Segment Start: DATASET

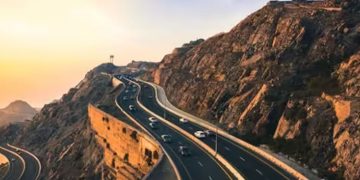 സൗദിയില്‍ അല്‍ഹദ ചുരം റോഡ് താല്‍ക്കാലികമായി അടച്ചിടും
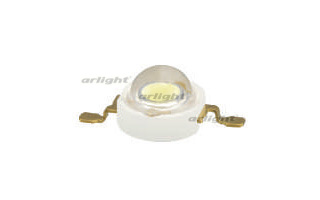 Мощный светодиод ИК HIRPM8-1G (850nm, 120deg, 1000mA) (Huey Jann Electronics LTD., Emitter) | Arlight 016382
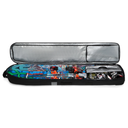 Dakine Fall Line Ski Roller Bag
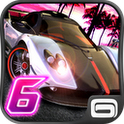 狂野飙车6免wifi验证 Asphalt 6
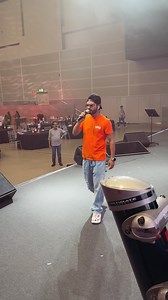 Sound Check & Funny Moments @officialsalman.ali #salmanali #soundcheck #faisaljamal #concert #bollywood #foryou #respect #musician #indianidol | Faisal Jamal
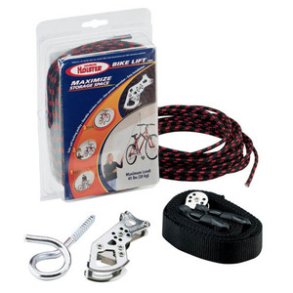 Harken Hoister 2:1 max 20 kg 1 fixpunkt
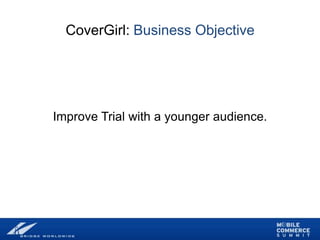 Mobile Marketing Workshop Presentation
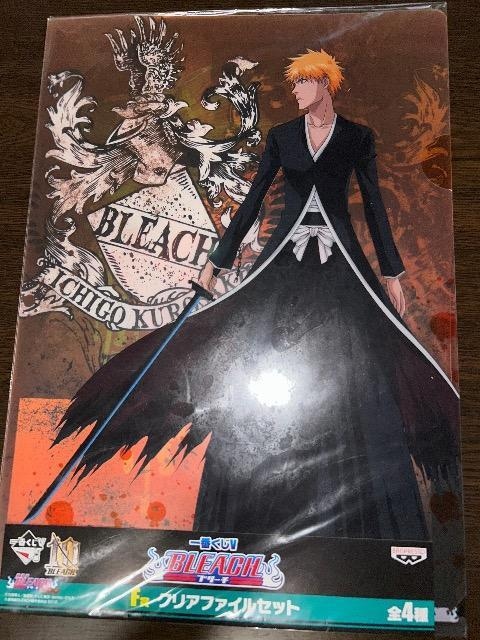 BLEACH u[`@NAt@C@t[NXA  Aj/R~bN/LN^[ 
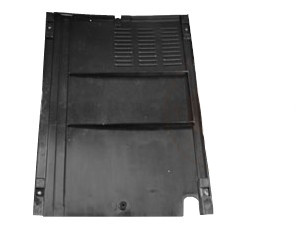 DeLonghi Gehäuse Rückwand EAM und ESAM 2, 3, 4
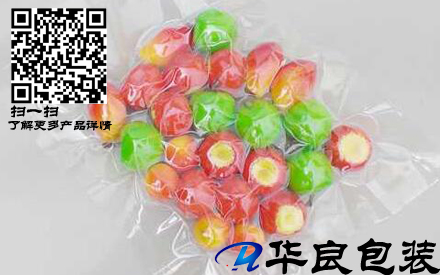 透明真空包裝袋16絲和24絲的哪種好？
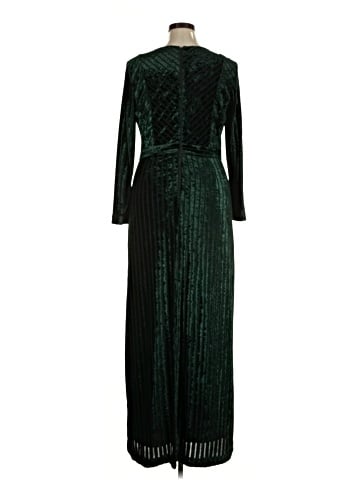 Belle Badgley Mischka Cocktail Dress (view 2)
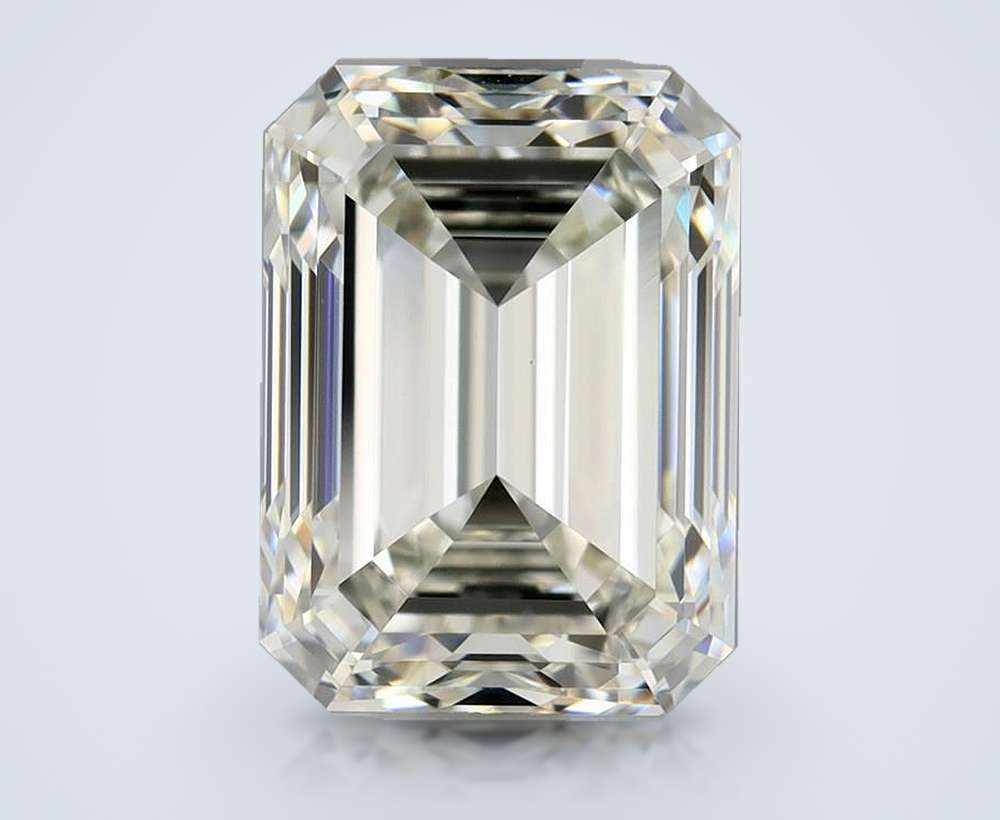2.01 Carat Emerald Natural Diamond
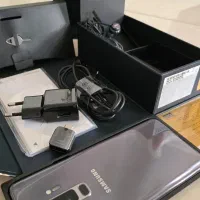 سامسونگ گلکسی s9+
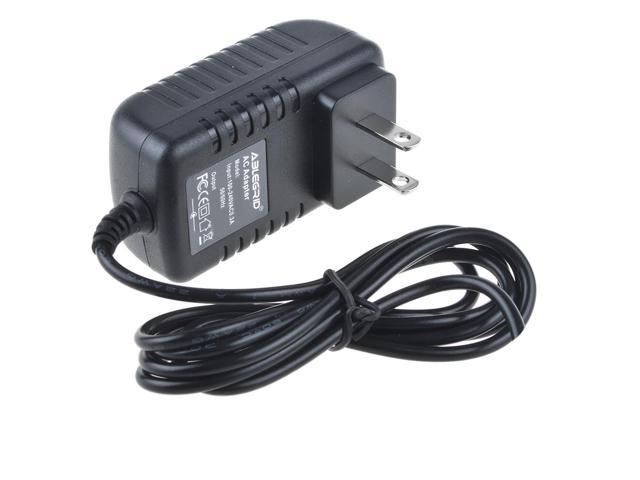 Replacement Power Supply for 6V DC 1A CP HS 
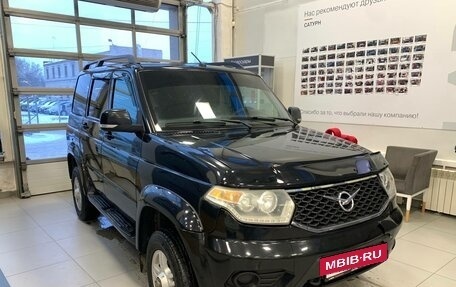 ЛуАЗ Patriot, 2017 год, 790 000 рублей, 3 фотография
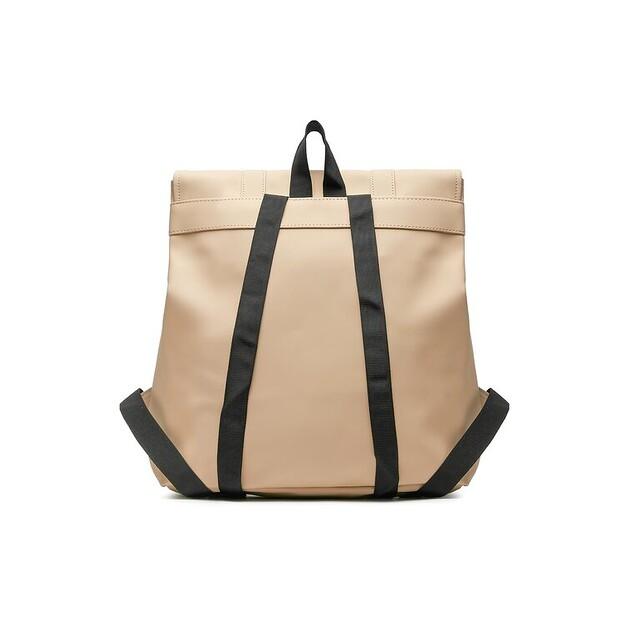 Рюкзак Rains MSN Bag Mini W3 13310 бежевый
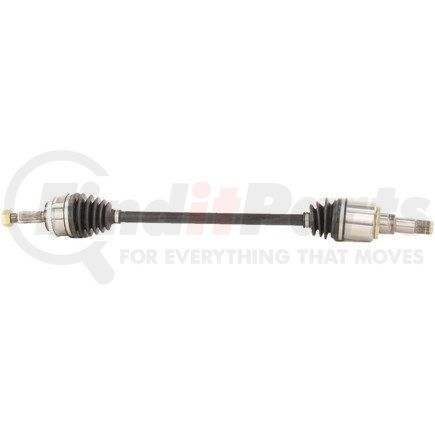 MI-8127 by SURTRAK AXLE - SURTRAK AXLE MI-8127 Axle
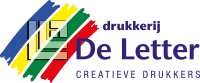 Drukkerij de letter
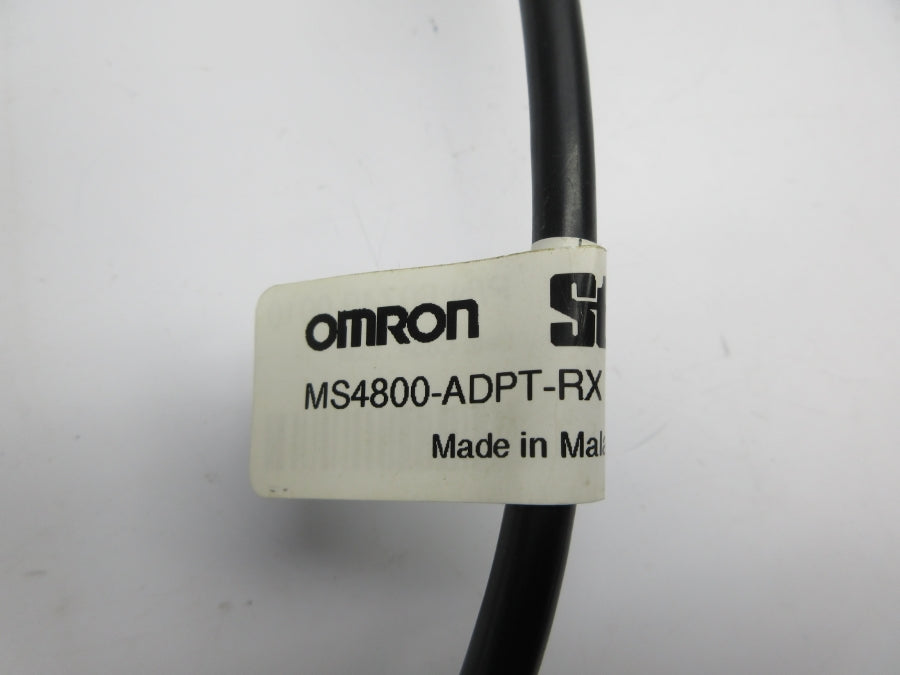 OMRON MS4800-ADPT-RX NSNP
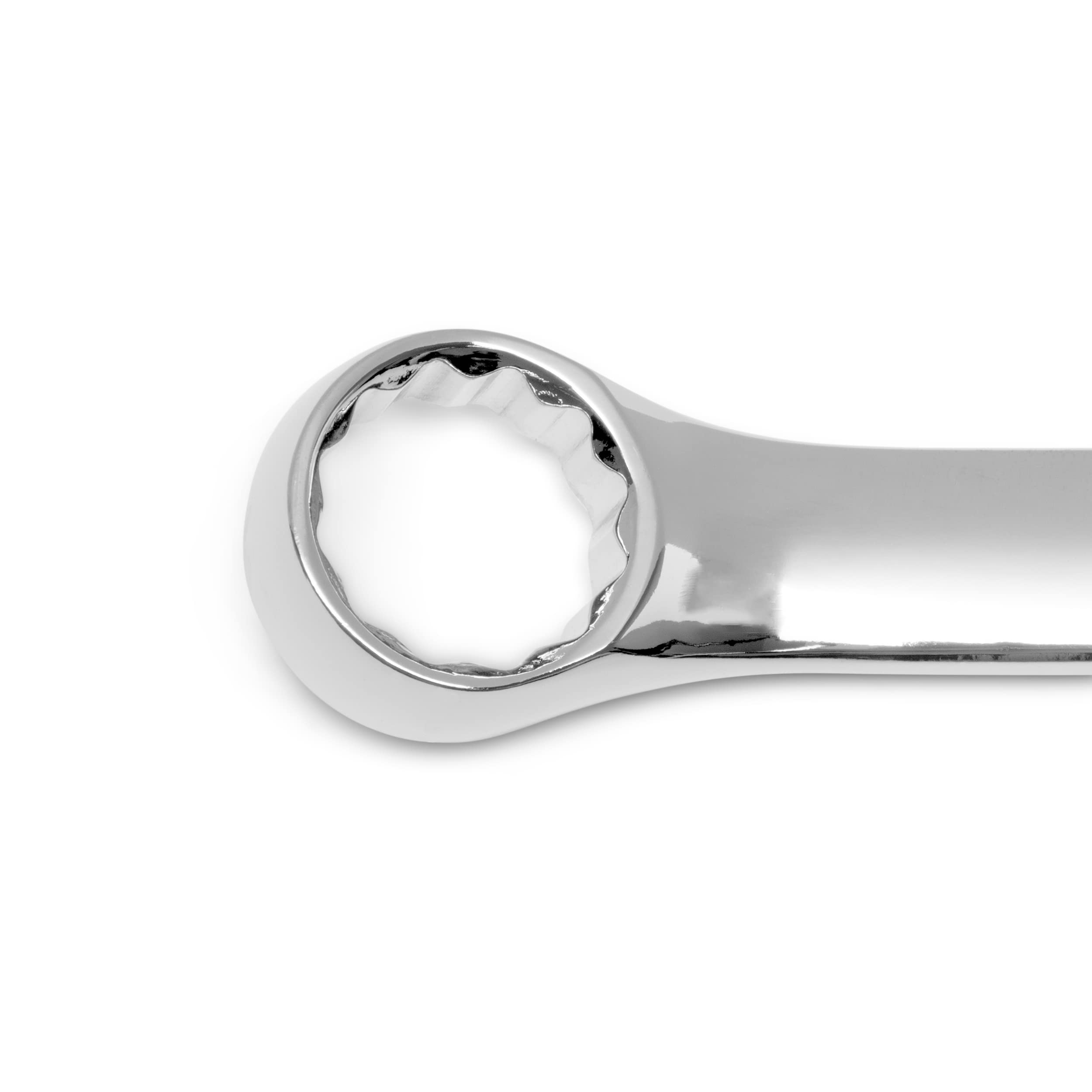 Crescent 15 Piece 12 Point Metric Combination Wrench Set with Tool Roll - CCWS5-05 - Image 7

Segment End: DATASET

▸ **PROBLEM STATEMENT**:
Output, line for line and exactly, the records above from their first line through the one with "Harken Hoister 2:1 max 20 kg 1 fixpunkt", both ends included, but no pictures.

▸ **SOLUTION FOR THIS PROBLEM**:
 സൗദിയില്‍ അല്‍ഹദ ചുരം റോഡ് താല്‍ക്കാലികമായി അടച്ചിടും
 Мощный светодиод ИК HIRPM8-1G (850nm, 120deg, 1000mA) (Huey Jann Electronics LTD., Emitter) | Arlight 016382
 Dakine Fall Line Ski Roller Bag
 狂野飙车6免wifi验证 Asphalt 6
 Sound Check & Funny Moments @officialsalman.ali #salmanali #soundcheck #faisaljamal #concert #bollywood #foryou #respect #musician #indianidol | Faisal Jamal
 Harken Hoister 2:1 max 20 kg 1 fixpunkt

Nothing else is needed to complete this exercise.